Car, dit-elle, les imaginaires doivent désormais se décentrer pour laisser émerger d'autres modernités - celles qui s'inventent depuis les sols sahéliens, à partir de savoirs-faires anciens capables d'éclairer l'avenir.

Restaurer un héritage en péril

Reconnue pour sa valeur universelle, ancienne capitale intellectuelle, spirituelle et religieuse aux XVe et XVIe siècles, Tombouctou abrite des trésors architecturaux uniques : les mosquées de Djingareiber, Sankoré et Sidi Yahia, ainsi que de nombreux mausolées construits en banco, dans le même style que les maisons et édifices religieux de la ville. Surnommée "la ville aux 333 saints", Tombouctou a été inscrite au patrimoine mondial de l'UNESCO en 1988.

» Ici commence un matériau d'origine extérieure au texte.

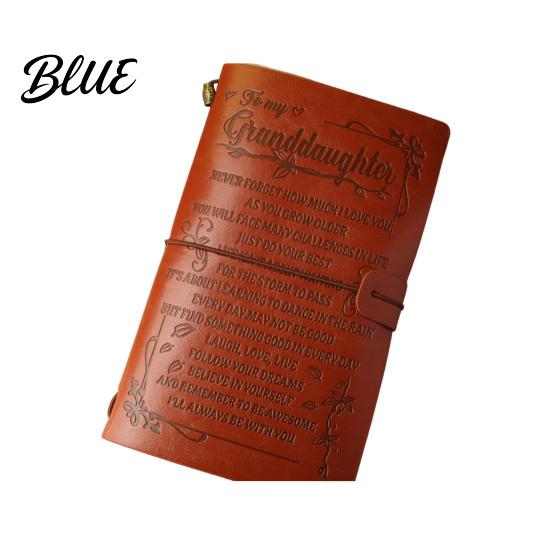 Collage Friendly Notebook Journal Notebook Loose-Leaf Refillable Faux Leather Cover with Elastic Horizontal A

"Le patrimoine architectural de Tombouctou est à la fois mondial et national. Il comprend trois mosquées médiévales et seize mausolées classés", rappelle Elboukary Ben Essayoutty, chef de la Mission culturelle de Tombouctou. Mais le patrimoine ne se limite pas à ces monuments : "le tissu ancien s'étend sur près de 50 hectares, formant un paysage architectural entièrement en terre, qui constitue l'attrait touristique principal de la ville", ajoute-t-il.

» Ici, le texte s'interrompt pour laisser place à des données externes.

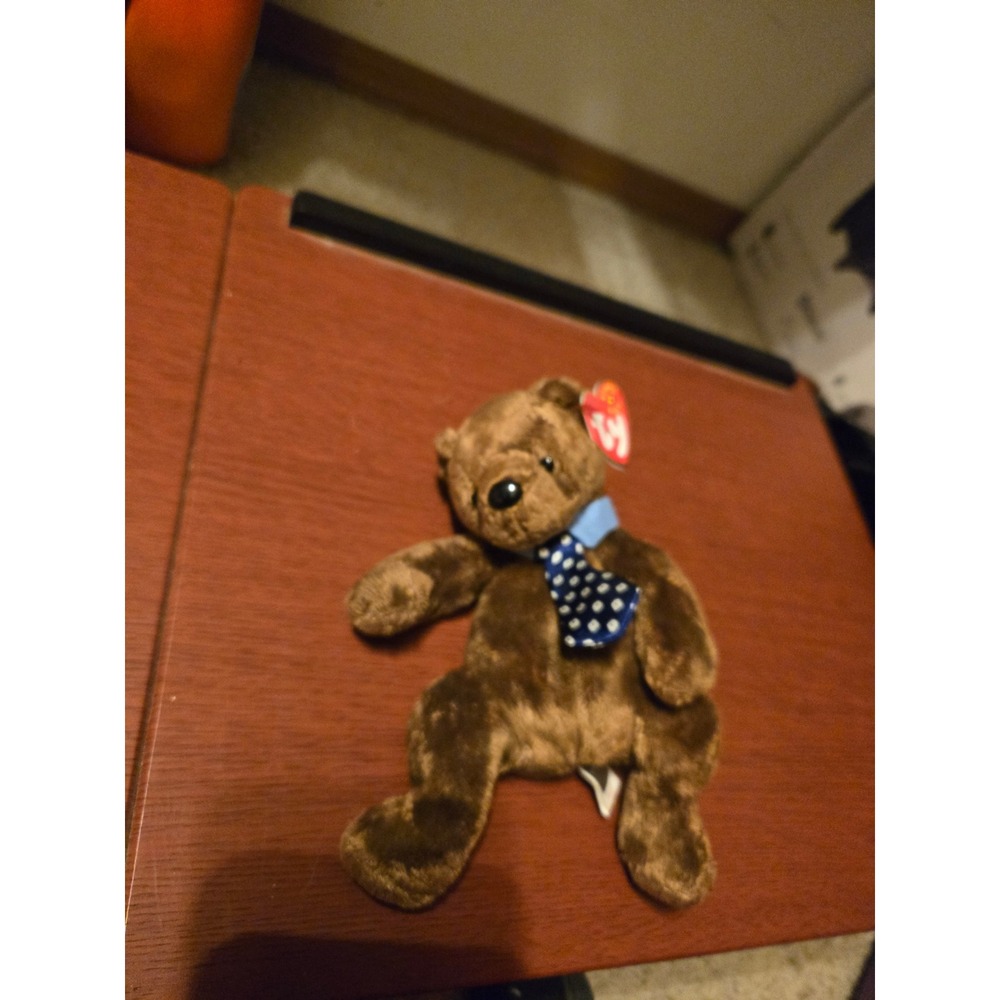 Ty Beanie Baby Hero the Bear Brown Plush with Blue Polka Dot Tie Collectible Toy - Picture 4 of 4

L'économie locale en dépend largement. "Le tourisme est la principale industrie de Tombouctou et il stimule l'artisanat, qui occupe 75 % de la population", souligne M. Essayoutty. Préserver et valoriser ces architectures devient donc un enjeu culturel et économique majeur.

Pour autant, gérer ce patrimoine impose un équilibre délicat. D'un côté, la protection repose sur le droit malien et sur les conventions internationales ratifiées par le pays, notamment la Convention de 1972 sur le patrimoine mondial. De l'autre, les communautés locales voient avant tout ces sites comme des lieux de culte vivants, profondément intégrés à leur pratique religieuse.

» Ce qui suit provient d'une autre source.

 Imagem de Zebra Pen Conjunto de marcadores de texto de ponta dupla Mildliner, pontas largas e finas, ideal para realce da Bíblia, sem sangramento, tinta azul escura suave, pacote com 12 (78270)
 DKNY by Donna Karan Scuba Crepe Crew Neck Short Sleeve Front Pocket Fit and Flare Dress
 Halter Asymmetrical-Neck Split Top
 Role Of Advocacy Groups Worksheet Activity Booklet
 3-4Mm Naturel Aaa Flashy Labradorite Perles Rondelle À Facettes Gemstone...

Face à cette double lecture, les acteurs du patrimoine cherchent à concilier préservation culturelle et respect des usages locaux. L'objectif est de sensibiliser les populations à la valeur patrimoniale des monuments, expliquer les raisons de leur classement et mettre en lumière les bénéfices qu'ils apportent en termes de rayonnement et de prestige pour la ville. La stratégie nationale de conservation repose sur l'association des communautés, sous la coordination des services décentralisés du ministère de l'Artisanat, de la Culture et de l'Industrie hôtelière, explique Elboukary Ben Essayoutty.

Toutefois, une partie du patrimoine a été gravement endommagée en 2012 lors de l'invasion de groupes armés. Les mausolées et infrastructures historiques ont été saccagés, et Tombouctou a de nouveau été inscrite sur la liste du patrimoine mondial en péril, comme ce fut le cas entre 1990 et 2005.

La Médina, cœur historique de la ville, a été profondément affectée par la crise, mais elle fait aussi face à la pression des constructions en béton. Réguler ces nouvelles constructions est devenu un combat quotidien pour le chef de la délégation spéciale, Yéhia Tandina. "J'ai fait de cette lutte ma priorité pour que Tombouctou quitte la liste du patrimoine en péril", affirme-t-il. Pour protéger la Médina, des mesures strictes ont été mises en place : limitation de la circulation des poids lourds et obligation, même pour les constructions en béton à l'intérieur de la vieille ville, de recouvrir les bâtiments de calcaire (l'Alhor) - un matériau authentique, unique à Tombouctou.